_Task inputs_
# # # # #

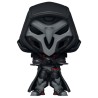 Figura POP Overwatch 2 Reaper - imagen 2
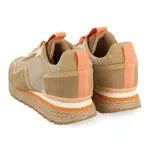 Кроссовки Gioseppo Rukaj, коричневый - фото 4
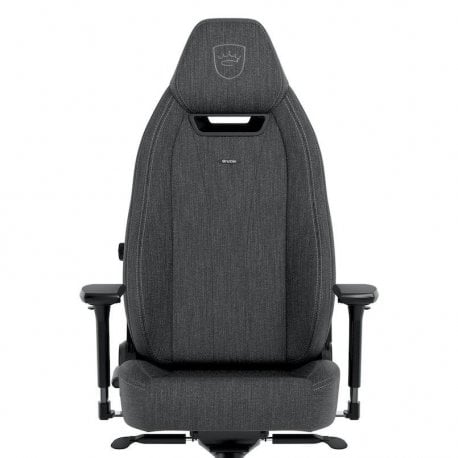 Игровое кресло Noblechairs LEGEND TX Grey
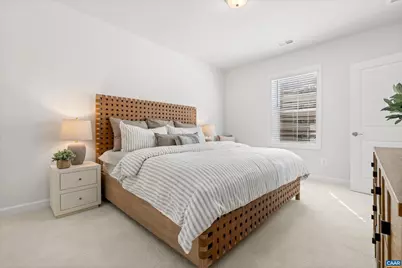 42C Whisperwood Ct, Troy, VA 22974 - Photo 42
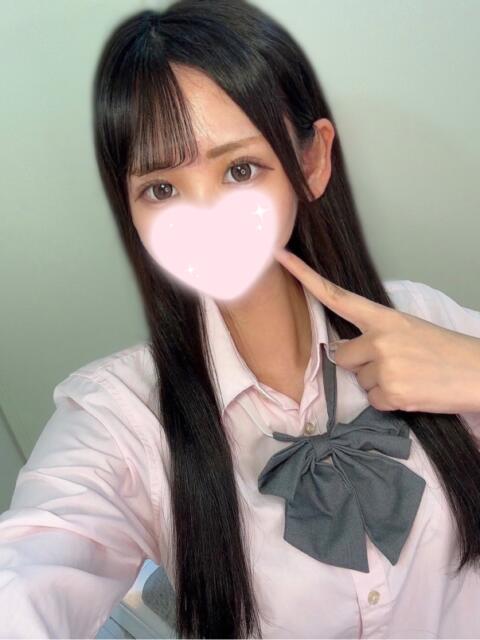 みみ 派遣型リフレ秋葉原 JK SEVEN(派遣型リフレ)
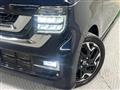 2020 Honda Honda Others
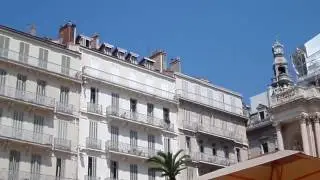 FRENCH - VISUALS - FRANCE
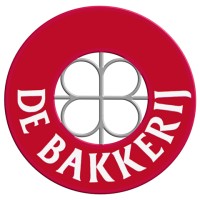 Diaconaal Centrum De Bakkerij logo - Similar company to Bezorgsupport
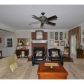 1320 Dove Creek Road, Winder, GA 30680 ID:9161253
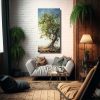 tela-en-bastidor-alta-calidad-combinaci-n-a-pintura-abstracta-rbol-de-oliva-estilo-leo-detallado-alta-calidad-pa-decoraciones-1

# # # # #

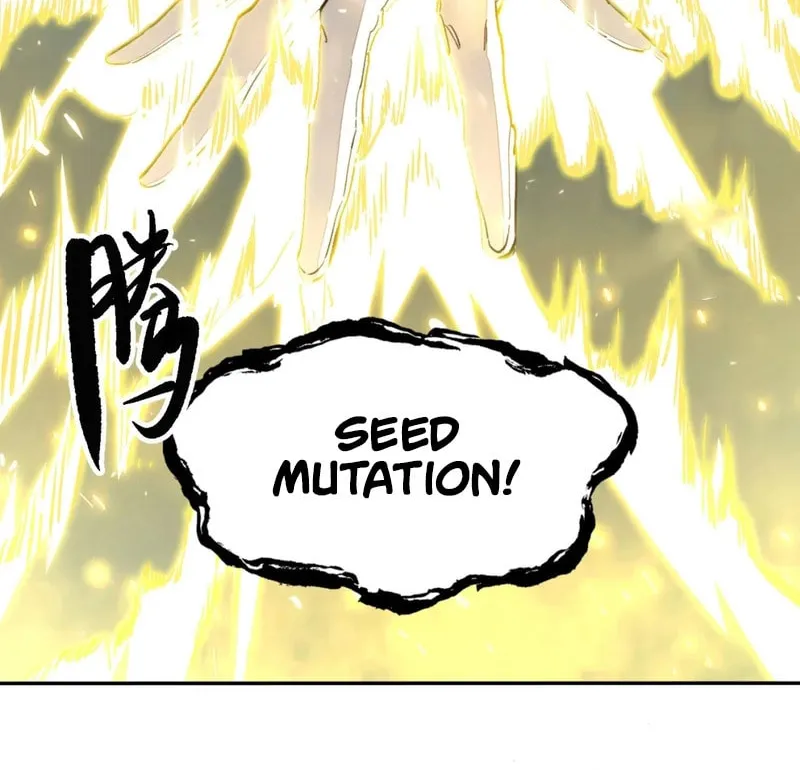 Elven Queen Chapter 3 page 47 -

# # # # #

_Work instruction_
Repeat only the stretch of data above that runs from the line with "Figura POP Overwatch 2 Reaper - imagen 2" to the line with "2020 Honda Honda Others". Keep both end lines; exclude pictures.

_Response to this task_
 Figura POP Overwatch 2 Reaper - imagen 2
 Кроссовки Gioseppo Rukaj, коричневый - фото 4
 Игровое кресло Noblechairs LEGEND TX Grey
 42C Whisperwood Ct, Troy, VA 22974 - Photo 42
 みみ 派遣型リフレ秋葉原 JK SEVEN(派遣型リフレ)
 2020 Honda Honda Others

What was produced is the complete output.